Exercise:
Precisely the lines from the one with "Venta de apartamento" through the end of the data, both included, must make up the response, each restated word for word.

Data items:
-------------------------
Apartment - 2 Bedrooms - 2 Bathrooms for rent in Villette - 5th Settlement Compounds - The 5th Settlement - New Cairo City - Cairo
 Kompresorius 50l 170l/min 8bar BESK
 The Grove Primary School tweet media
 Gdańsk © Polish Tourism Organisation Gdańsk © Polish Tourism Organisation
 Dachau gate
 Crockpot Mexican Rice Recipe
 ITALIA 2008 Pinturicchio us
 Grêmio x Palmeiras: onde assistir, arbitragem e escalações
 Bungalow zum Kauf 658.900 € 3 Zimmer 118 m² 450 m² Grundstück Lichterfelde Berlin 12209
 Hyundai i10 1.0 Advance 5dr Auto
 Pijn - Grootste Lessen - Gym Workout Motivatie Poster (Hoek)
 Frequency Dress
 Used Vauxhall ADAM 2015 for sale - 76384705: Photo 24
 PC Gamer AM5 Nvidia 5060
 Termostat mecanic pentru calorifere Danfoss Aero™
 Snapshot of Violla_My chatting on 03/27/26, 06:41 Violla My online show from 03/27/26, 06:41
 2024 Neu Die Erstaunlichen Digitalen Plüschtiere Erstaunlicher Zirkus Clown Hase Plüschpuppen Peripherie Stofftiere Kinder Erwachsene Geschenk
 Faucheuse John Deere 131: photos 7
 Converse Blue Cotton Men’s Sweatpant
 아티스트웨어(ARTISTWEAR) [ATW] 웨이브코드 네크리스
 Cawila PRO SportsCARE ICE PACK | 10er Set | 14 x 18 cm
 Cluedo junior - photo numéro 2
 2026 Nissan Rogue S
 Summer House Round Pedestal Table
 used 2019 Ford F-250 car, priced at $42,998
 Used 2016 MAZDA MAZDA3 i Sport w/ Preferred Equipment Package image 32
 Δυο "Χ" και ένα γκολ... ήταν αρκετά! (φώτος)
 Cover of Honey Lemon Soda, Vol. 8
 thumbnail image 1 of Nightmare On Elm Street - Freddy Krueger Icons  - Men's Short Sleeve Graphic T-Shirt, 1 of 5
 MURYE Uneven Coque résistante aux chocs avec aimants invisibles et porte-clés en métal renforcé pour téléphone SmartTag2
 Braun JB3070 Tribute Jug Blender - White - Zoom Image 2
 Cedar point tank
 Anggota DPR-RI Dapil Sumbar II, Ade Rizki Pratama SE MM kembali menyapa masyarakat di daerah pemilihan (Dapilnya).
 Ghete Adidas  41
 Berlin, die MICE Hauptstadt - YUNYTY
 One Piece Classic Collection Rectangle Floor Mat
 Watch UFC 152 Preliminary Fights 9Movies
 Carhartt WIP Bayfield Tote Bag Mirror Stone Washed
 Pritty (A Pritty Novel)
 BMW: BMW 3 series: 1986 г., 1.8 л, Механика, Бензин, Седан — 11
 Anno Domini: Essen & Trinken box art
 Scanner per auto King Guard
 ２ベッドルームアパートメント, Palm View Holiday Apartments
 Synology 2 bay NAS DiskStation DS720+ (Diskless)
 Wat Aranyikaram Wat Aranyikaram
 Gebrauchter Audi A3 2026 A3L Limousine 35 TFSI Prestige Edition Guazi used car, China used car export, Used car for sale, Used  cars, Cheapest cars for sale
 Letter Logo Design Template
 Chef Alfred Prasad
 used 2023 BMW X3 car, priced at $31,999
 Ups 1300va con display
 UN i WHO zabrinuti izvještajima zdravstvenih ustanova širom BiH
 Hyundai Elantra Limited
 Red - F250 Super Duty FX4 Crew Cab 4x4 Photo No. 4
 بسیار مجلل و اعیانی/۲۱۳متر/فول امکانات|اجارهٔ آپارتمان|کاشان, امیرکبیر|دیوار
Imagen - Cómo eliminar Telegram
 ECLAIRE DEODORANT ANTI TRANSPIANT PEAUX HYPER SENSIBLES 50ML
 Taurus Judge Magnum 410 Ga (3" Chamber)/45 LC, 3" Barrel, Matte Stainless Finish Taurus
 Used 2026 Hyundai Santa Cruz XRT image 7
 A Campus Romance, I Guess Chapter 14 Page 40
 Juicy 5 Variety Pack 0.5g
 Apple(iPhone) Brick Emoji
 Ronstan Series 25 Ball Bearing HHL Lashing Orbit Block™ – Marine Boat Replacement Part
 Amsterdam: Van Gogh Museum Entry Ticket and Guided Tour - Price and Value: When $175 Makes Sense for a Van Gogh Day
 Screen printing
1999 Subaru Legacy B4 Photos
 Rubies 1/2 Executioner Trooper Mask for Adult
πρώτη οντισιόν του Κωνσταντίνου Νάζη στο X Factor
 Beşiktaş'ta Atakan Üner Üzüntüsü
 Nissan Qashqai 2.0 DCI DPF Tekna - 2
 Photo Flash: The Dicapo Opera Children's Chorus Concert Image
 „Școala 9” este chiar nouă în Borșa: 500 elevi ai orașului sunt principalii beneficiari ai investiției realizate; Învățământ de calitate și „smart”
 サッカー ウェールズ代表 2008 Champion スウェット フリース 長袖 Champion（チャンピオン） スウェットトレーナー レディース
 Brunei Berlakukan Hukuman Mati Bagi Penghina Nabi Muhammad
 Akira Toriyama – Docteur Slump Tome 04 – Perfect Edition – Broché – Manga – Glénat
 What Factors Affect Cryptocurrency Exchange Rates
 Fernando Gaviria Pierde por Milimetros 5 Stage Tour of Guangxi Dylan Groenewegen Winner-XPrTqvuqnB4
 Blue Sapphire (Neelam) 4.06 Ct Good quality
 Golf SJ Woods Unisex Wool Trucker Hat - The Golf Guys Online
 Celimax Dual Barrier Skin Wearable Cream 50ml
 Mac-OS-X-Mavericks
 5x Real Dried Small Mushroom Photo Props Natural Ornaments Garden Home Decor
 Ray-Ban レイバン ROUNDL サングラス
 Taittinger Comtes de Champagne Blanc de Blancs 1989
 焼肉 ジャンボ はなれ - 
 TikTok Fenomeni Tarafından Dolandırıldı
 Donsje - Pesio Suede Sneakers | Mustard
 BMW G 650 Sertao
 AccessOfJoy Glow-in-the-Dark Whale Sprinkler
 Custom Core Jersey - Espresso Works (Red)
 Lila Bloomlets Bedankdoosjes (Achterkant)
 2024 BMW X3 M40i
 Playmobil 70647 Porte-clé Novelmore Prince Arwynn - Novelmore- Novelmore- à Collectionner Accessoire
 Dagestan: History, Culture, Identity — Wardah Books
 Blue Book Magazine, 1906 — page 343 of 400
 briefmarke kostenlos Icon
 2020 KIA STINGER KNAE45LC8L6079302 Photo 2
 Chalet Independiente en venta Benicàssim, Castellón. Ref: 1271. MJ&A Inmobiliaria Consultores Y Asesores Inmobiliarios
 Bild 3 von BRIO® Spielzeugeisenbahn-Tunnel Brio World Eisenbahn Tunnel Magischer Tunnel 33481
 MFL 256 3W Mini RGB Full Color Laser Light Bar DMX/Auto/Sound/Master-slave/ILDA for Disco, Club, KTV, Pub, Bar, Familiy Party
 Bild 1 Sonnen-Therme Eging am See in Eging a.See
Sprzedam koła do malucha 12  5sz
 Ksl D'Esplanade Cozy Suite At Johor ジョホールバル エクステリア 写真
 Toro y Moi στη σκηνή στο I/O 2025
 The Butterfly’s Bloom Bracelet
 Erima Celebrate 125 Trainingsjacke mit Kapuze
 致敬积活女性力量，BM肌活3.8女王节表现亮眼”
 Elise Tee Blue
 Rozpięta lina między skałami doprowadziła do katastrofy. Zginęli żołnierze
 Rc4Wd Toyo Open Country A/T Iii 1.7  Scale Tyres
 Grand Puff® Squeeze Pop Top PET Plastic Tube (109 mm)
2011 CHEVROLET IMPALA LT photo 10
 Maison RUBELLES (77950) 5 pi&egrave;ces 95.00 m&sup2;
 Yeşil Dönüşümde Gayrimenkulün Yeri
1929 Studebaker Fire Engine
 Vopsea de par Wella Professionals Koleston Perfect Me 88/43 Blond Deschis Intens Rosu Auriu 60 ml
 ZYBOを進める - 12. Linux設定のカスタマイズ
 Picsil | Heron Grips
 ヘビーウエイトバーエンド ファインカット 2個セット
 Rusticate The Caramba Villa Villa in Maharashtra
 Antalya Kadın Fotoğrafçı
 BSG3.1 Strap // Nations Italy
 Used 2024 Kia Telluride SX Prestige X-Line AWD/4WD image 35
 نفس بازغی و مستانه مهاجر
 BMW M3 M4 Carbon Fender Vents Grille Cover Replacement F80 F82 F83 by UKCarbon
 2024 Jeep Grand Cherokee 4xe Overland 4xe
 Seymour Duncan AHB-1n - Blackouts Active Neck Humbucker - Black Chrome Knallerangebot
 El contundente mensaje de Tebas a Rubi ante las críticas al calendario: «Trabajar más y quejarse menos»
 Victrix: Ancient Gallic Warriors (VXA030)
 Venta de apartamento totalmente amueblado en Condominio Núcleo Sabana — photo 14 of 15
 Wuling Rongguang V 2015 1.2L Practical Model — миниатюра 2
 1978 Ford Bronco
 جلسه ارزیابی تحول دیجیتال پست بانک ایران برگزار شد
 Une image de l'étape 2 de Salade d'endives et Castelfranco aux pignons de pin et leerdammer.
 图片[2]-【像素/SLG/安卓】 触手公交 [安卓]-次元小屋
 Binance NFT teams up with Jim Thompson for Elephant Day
-------------------------
Result of this task:
 Venta de apartamento totalmente amueblado en Condominio Núcleo Sabana — photo 14 of 15
 Wuling Rongguang V 2015 1.2L Practical Model — миниатюра 2
 1978 Ford Bronco
 جلسه ارزیابی تحول دیجیتال پست بانک ایران برگزار شد
 Une image de l'étape 2 de Salade d'endives et Castelfranco aux pignons de pin et leerdammer.
 图片[2]-【像素/SLG/安卓】 触手公交 [安卓]-次元小屋
 Binance NFT teams up with Jim Thompson for Elephant Day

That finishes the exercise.